In this Section we introduce the general framework of nonlinear unsupervised learning. Since there are such a wide variety of unsupervised learning models (see Chapter 11), and we want to keep things as elementary as we can in this Section, here we will focus our attention exclusively on how to extend perhaps the most important linear unsupervised learner to the nonlinear setting: the PCA autoencoder (detailed in Section 11.2). In future Chapters we will look at particular examples of how to extend other unsupervised methods such as K-Means.

12.3.1 Modeling principles of the linear and nonlinear autoencoder¶

In Section 11.2 we discussed the PCA autoencoder, the fundamental cost function for PCA that leads to the classic orthogonal PCA solution (described in Section 11.2.3). The autoencoder cost function

\begin{equation} g\left(\mathbf{C}\right) = \frac{1}{P}\sum_{p = 1}^P \left \Vert \mathbf{C}_{\,}^{\,}\mathbf{C}_{\,}^T\mathbf{x}_p - \mathbf{x}_p \right\Vert_2^2 \end{equation}

is parameterized by the $N\times K$ matrix $\mathbf{C}$ that will act as our recovered basis upon minimization.

In preparation for the nonlinear extension of this scheme - which we will use to determine proper nonlinear manifolds for an input dataset - we will explicitly break up $\mathbf{C}\mathbf{C}^T\mathbf{x}_p$ into an explicit encoding and decoding step. We have our encoder function $f_{\text{e}}$

\begin{equation} f_{\text{e}}\left(\mathbf{x}\right) = \mathbf{C}^T \mathbf{x} \end{equation}

and decoder function $f_{\text{d}}$

\begin{equation} f_{\text{d}}\left(\mathbf{v}\right) = \mathbf{C} \mathbf{v} \end{equation}

We can then write our two linear operations on the input with this function notation as

\begin{equation} f_{\text{d}}\left(\,f_{\text{e}}\left(\mathbf{x}_p\right)\right) = \mathbf{C}_{\,}^{\,}\mathbf{C}_{\,}^T\mathbf{x}_p \end{equation}

where note here that notationally speaking we have left off dependency on internal parameters with the aim of keeping our formula simple and more understandable, so e.g., here to make each function visibly dependent on the parameters $\mathbf{C}$ we would write $f_{\text{d}}\left(\mathbf{v},\mathbf{C}\right)$ and $f_{\text{e}}\left(\mathbf{x},\mathbf{C}\right)$.

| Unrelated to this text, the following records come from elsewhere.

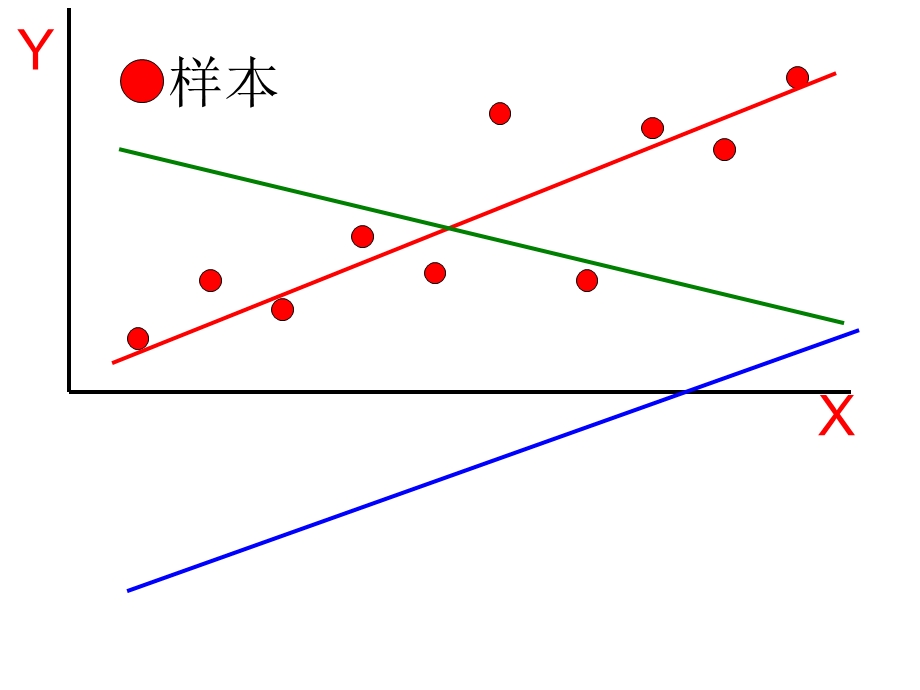 普通最小二乘法(OLS).ppt_第2页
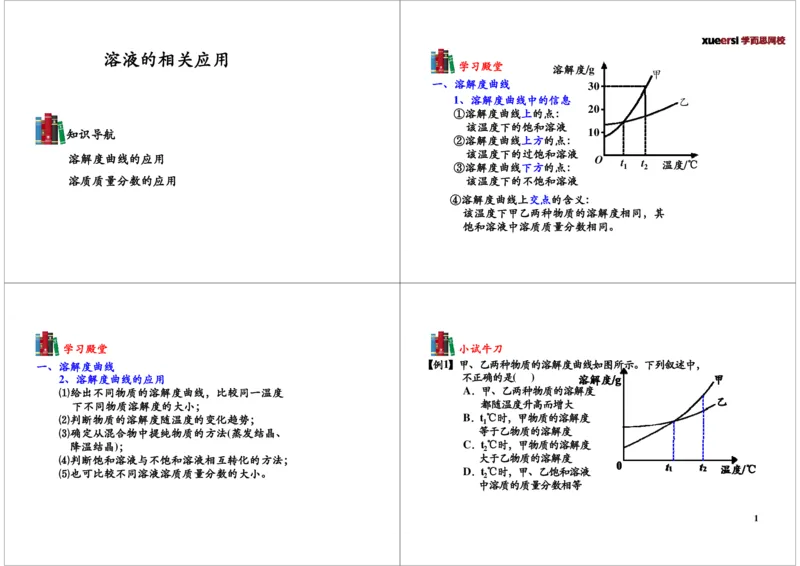溶液的相关应用_初中化学_01.人教版初中化学_03.初中化学专项视频_[7453]初三化学下学期寒假课内突破班_第5讲溶液的相关应用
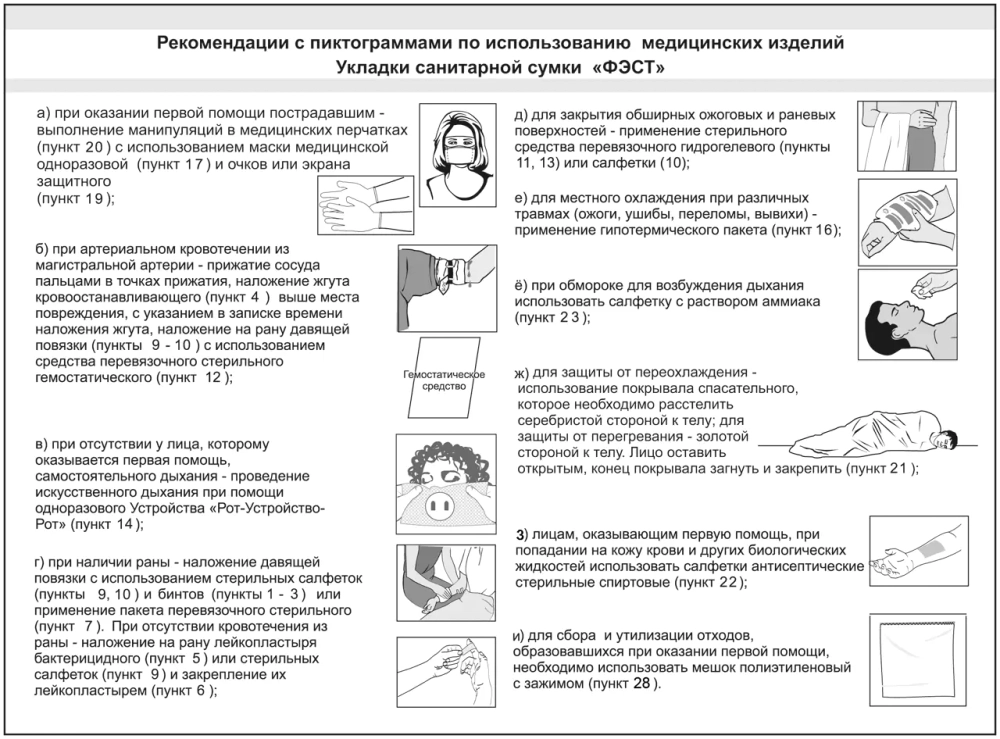 Укладка сумки санитарной по приказу 08.02.2013 г..№61н ФЭСТ  сумка м.1565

We can then write the autoencoder cost function with this more general function notation as

\begin{equation} g\left(\mathbf{C}\right) = \frac{1}{P}\sum_{p = 1}^P \left \Vert \,f_{\text{d}}\left(\,f_{\text{e}}\left(\mathbf{x}_p\right)\right) - \mathbf{x}_p \right\Vert_2^2 \end{equation}

This sort of mathematical notation carries over almost directly to Python, as we show below. Here we process the entire dataset $\mathbf{X}$ in one operation (which is more effecient in Python than explicitly looping over the points). Notice in both implementations - as opposed to the notation used above - we input C as well as the data.

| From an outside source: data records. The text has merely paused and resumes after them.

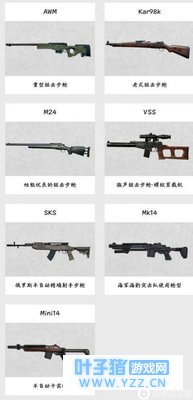 绝地求生:刺激战场的武器,配件和伤害介绍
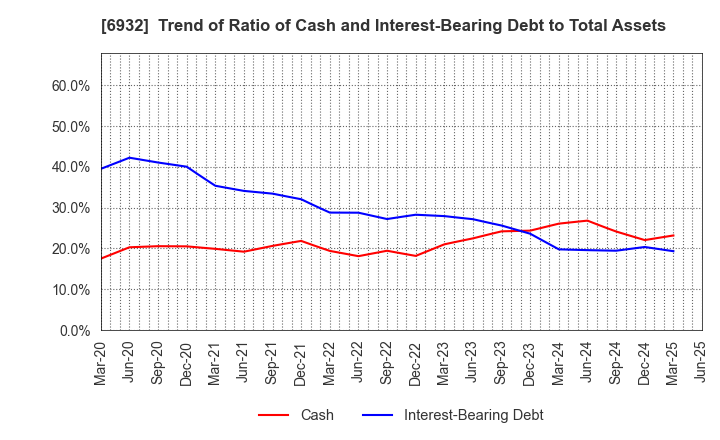 6932 ENDO Lighting Corporation: Trend of Ratio of Cash and Interest-Bearing Debt to Total Assets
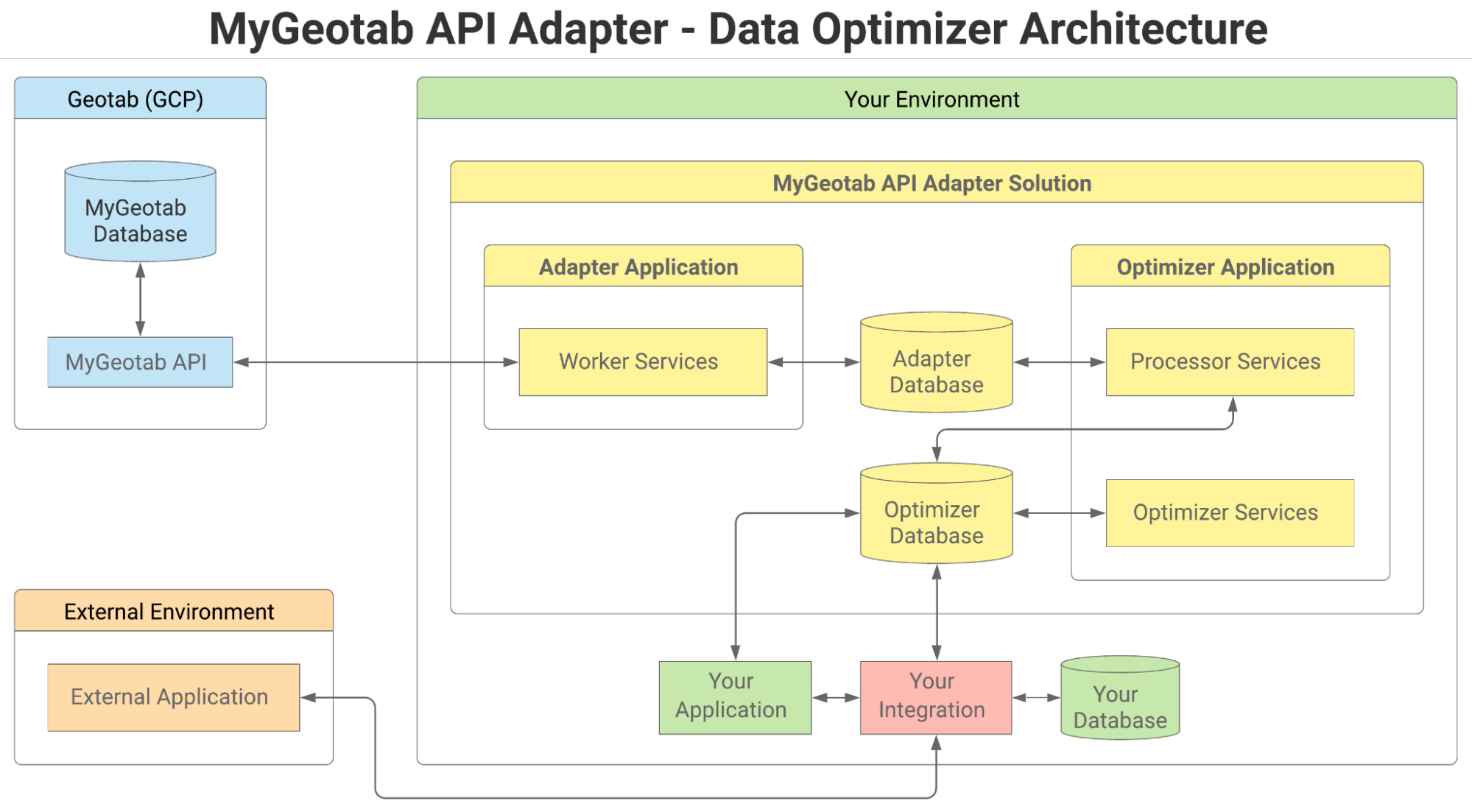 Data Optimizer architecture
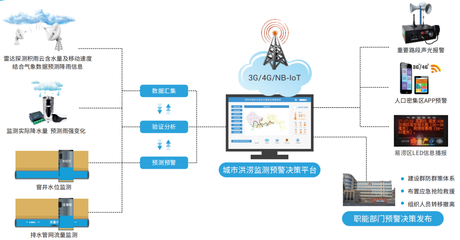 传感智库丨城市内涝监测破解“看海”难题 通信技术的关键赋能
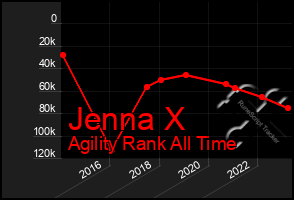 Total Graph of Jenna X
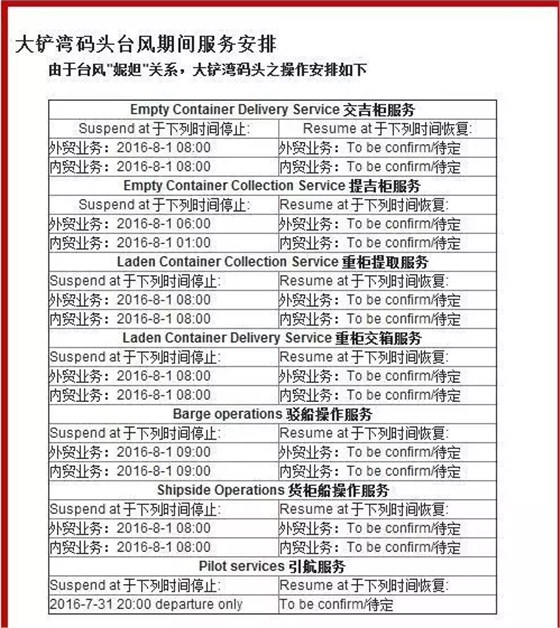 臺(tái)風(fēng)妮妲致廣深各大碼頭已逐步暫停裝卸作業(yè)3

# a linear encoder function
def encoder(X,C):
    return np.dot(C.T,X)

# a linear decoder function
def decoder(V,C):
    return np.dot(C,V)

In order to wrap up these two functions we can then use our typical model function, as shown below. Running this on a single $\mathbf{x}$ produces the entire computation $f_{\text{d}}\left(\,f_{\text{e}}\left(\mathbf{x}_p\right)\right)$.

# a model function wrapping up our linear encoding/decoding schemes
def model(X,C):
    # encode the input
    V = encoder(X,C)
    
    # decode the encoding
    a = decoder(V,C)
    return a

To tune these parameters properly we can then minimize the autoencoder function below using e.g., gradient descent.

# an implementation of the least squares cost function for linear regression
def autoencoder(C):
    cost = np.sum((model(X,C) - X)**2)
    return cost/float(X.shape[1])

Example 1. Linear PCA using the autoencoder¶

Here we re-enact an experiment showing how to use the standard linear autoencoder first shown in Section 11.4, employing the organizatinoal style detailed above, to find the best one dimensional subspace for the two dimensional dataset shown below.

In visually examining this dataset it does indeed look like it could be reasonably represented using a linear manifold or subspace (which in this case is clearly a line). Because of this we can use our linear encoder and decoder functions defined above.

Using gradient descent we then minimize the autoencoder cost, finding the best one dimensional subspace for this two-dimensional dataset.

Shown below in the top row is (left panel) the original data and the principal component recovered (shown as a red arrow), the encoded version (middle panel) and decoded version (right panel) of the input data along with the subspace spanned by the recovered basis vector. In the bottom row we show the manifold recovered - as a black line with red outline for visualization purposes - and illustrate how points in the space are attracted to the recovered manifold as a vector field with arrows colored according to their distance to the linear subspace.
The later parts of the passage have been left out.